This is a sentence.²²²²½½½½½½½½&#9632;

The wcout has no effect.

??

But...

I think I have figured all this out.  Firstly, with my code as-is, compiled with _UNICODE defined, it does not work *if I have an ANSI file as the input file*.  So, with the source as-is, C:\Input.txt is an ANSI file, and it does not work.  Open the file in Notepad and save it as UNICODE however, and my code works fine.

This lead me to look into exactly what is happening when my code tries to make a comparision between the memory currently pointed to by pIn, and the replacement string.

I had a play, and have uploaded some screenshots to demontrate what I found.  Please take a look at them.

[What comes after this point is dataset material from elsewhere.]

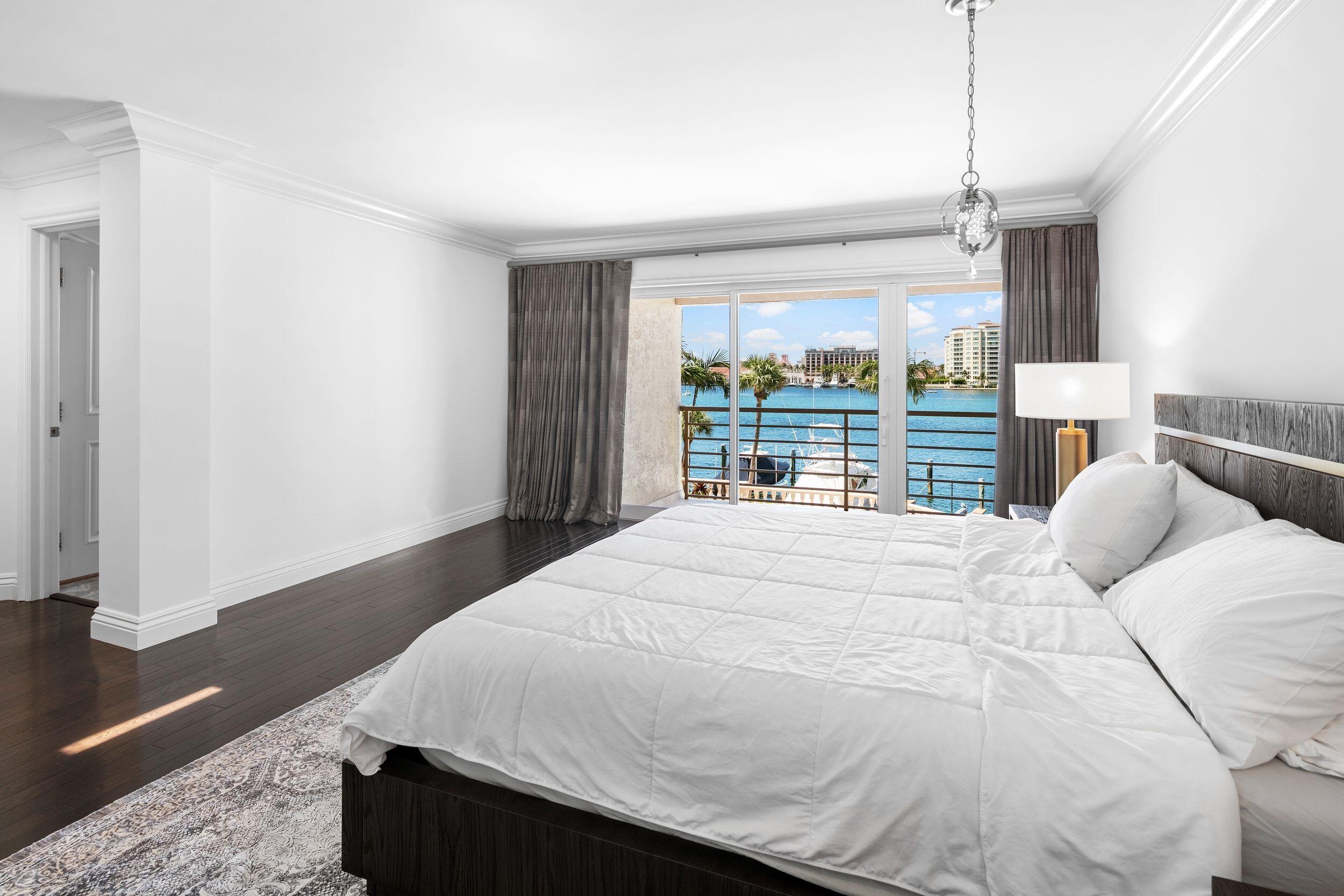 555 S Ocean Boulevard Unit: 4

The first ( http://img240.imageshack.us/img240/3536/notworking3fx.png ) shows the memory for one of my variables setup via a call to W2A.  You can see that the memory is showing that the string is still UNICODE, i.e. has two bytes per character.

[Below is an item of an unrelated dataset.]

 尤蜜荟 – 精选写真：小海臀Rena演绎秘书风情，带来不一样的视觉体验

The second ( http://img154.imageshack.us/img154/4719/working0qg.png ) shows the memory for a char array, used to convert the same UNICODE CString (strTemp) as I did via w2A.  Except, the memory window clearly shows that there is only one byte per character; an ANSI string.

So, it would seem that W2A is failing.  The question now is why ?
0
 
mrwad99Author Commented:
(Points now at 500 as this is getting silly)
0
 
mrwad99Author Commented:
Incidentally,

      CStringA t = W2A( strTemp );


Looks fine when viewed in memory, it is not double byte encoded.
0
 
rstaveleyCommented:
Macros like W2A use _alloca to grab a chunk of stack to put the converted string into. You should expect strReplacementToken no longer to point to  lpwStrReplacementToken after W2A has been called. It is conceivable, bearing in mind the funkiness of alloca_ that your debugger is getting things wrong. Can you confirm that strReplacementToken no longer points to lpwStrReplacementToken after you step past the W2A call??
0
 
rstaveleyCommented:
I didn't see your last post, mrwad99 . Ignore mine.
0
 
rstaveleyCommented:
You start by constructing a CString from a wchar_t array string, which is fine and then, if bUnicode is true, you reassign it to be the same string using a narrow char array. You get the narrow char array from W2A. That should load it with the same contents?! No matter, read on...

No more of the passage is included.